____ AVAILABLE RECORDS

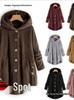 Spring 2026 Women's European-American Plush Button Top, Irregular Solid Color Coat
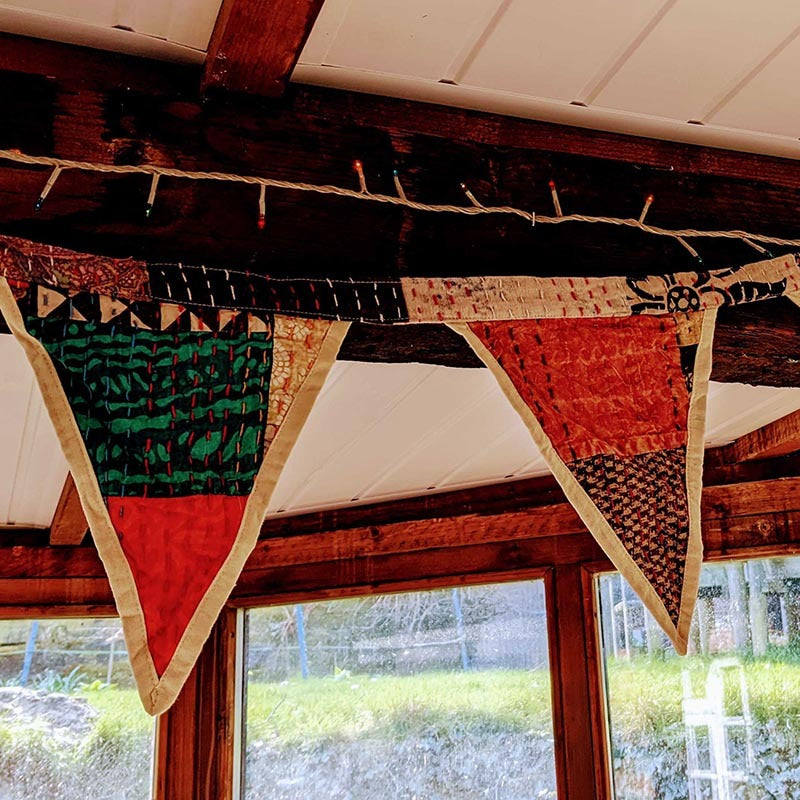 Load image into Gallery viewer, Upcycled Kantha Stitch Bunting

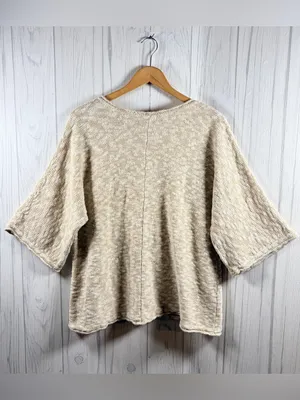 JM COLLECTION Oversized Beige Marled Knit Cardigan 1/2 Sleeve Boho Metallic, XL thumbnail 6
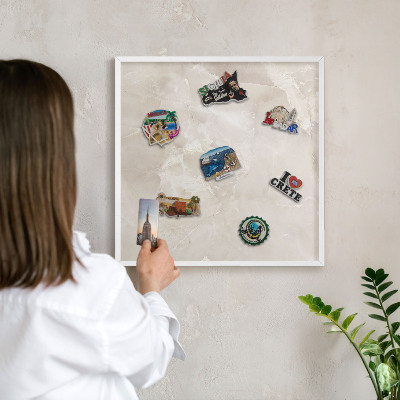 Magnetic board for travel magnets in a white frame Beige marble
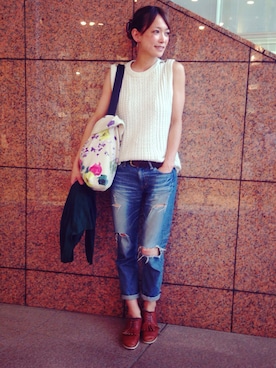 「Abel（アベル）のアイテム」を使った、山本麗子さん（レディース・164cm）の夏コーディネート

________

EXERCISE DETAILS: From the first line to the last, return the records exactly and leave the pictures behind.

RESULT BELOW:
 Spring 2026 Women's European-American Plush Button Top, Irregular Solid Color Coat
 Load image into Gallery viewer, Upcycled Kantha Stitch Bunting

 JM COLLECTION Oversized Beige Marled Knit Cardigan 1/2 Sleeve Boho Metallic, XL thumbnail 6
 Magnetic board for travel magnets in a white frame Beige marble
 「Abel（アベル）のアイテム」を使った、山本麗子さん（レディース・164cm）の夏コーディネート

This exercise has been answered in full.